Task:
Copy the lines running from the one that contains "New Air Jordan" to the end of the entries below, exactly and with no pictures.

Material to process:
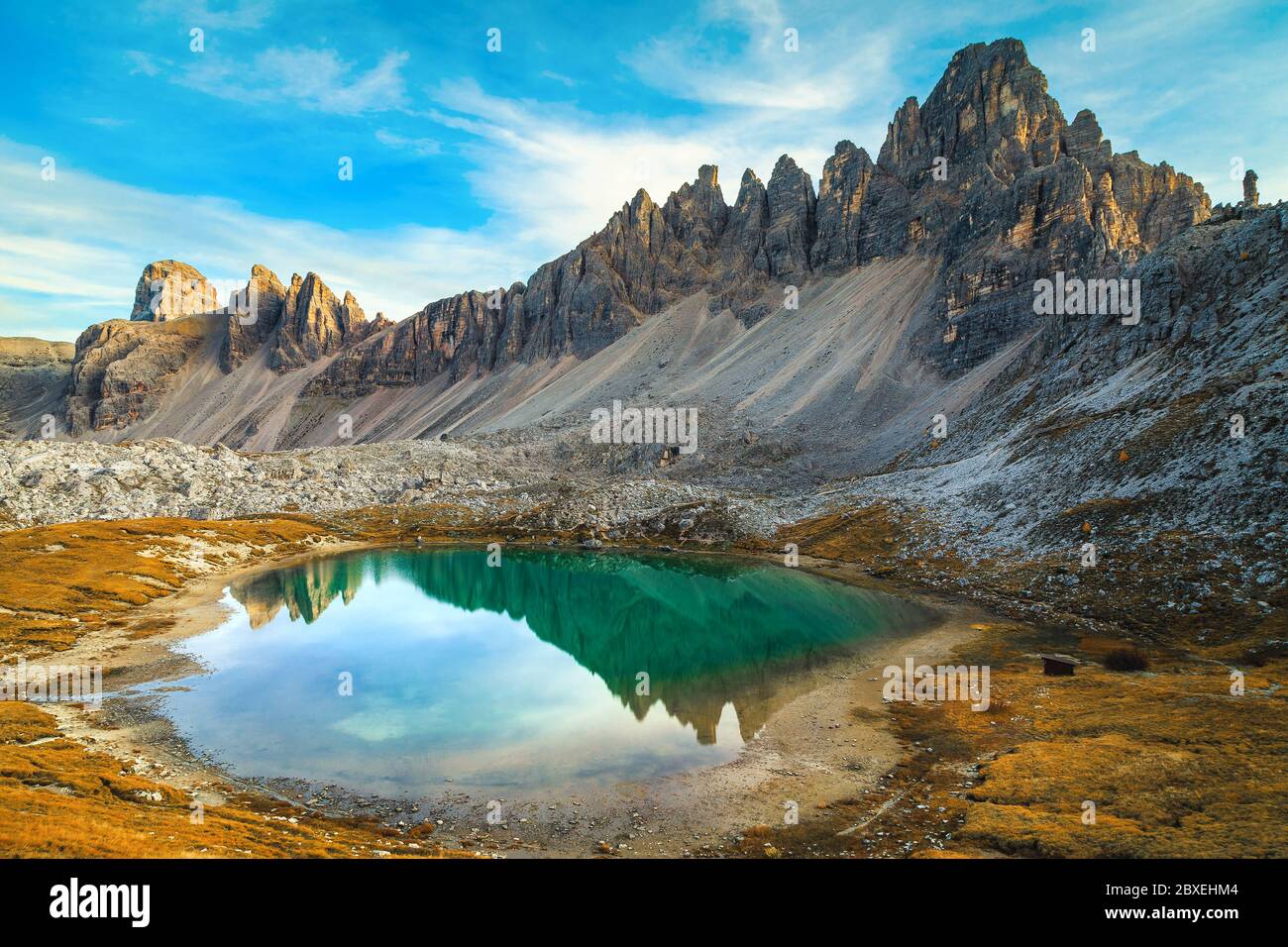 Maestoso paesaggio alpino con lago di montagna turchese Lago dei piani. Il crinale del Paterno riflesso in acqua vicino alle cime delle tre Cime di Lavaredo, Dol Foto Stock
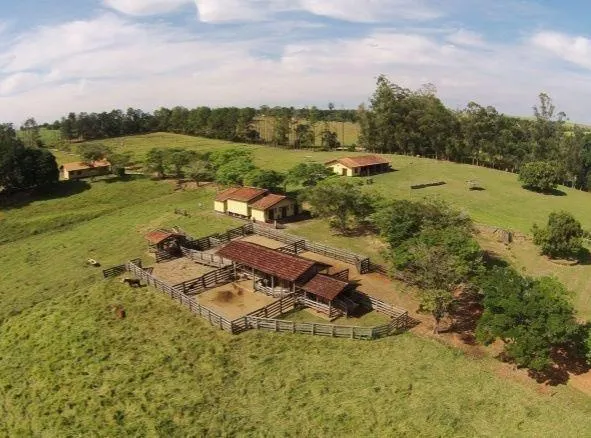 Fazenda à venda e para Arrendar de 194 ha em Quadra, SP, Brasil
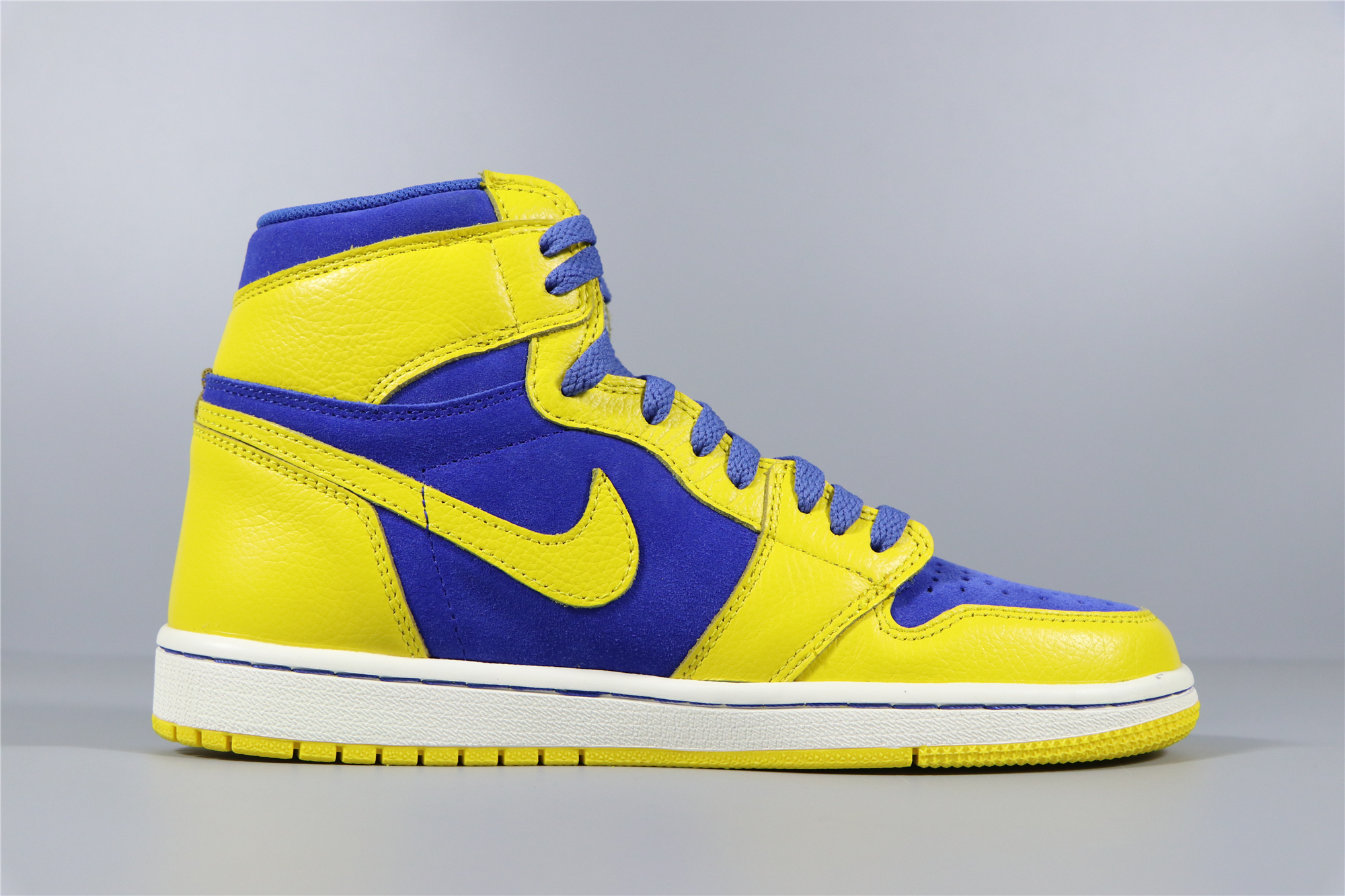 New Air Jordan 1 Retro High OG Laney Varisty Maize Game Royal White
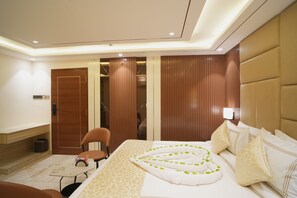 Elite Room, City View
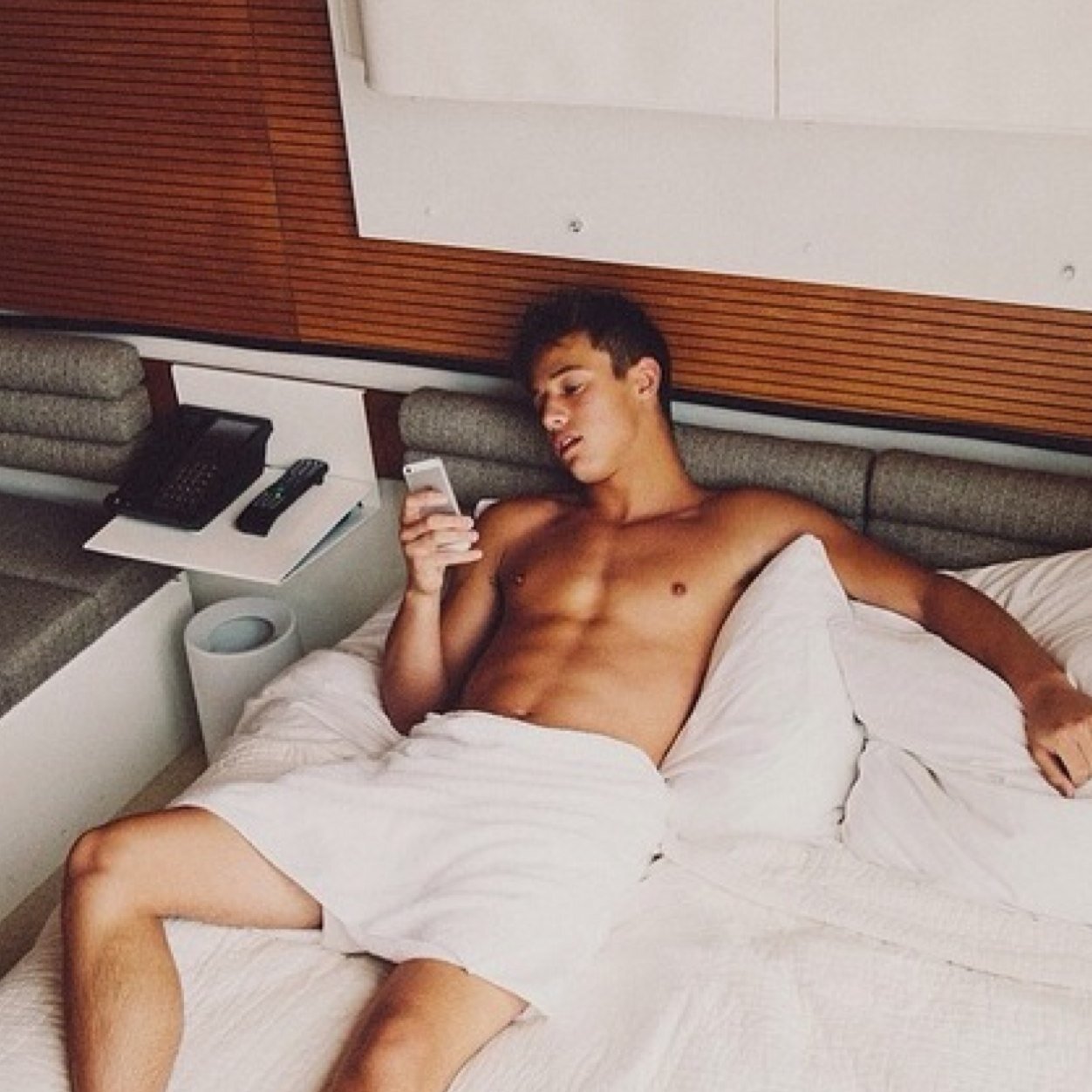 PLEASE FOLLOW:) old account was hacked ;Goal is 500 followers;MAGCON is life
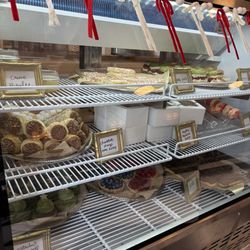 Leona's Bistro - Lots of pastries to choose from!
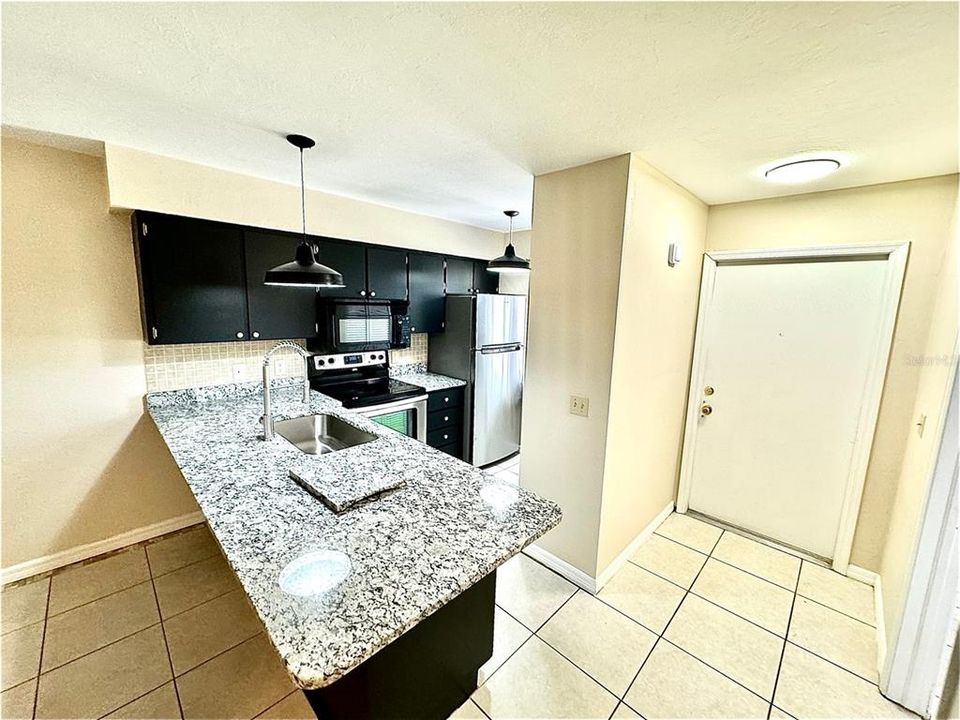 Recently Rented: $1,595 (2 beds, 2 baths, 840 Square Feet)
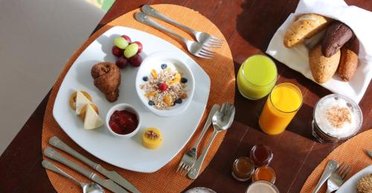 Лікарка назвала найкращі продукти, які треба їсти на сніданок, обід та вечерю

Task result:
 New Air Jordan 1 Retro High OG Laney Varisty Maize Game Royal White
 Elite Room, City View
 PLEASE FOLLOW:) old account was hacked ;Goal is 500 followers;MAGCON is life
 Leona's Bistro - Lots of pastries to choose from!
 Recently Rented: $1,595 (2 beds, 2 baths, 840 Square Feet)
 Лікарка назвала найкращі продукти, які треба їсти на сніданок, обід та вечерю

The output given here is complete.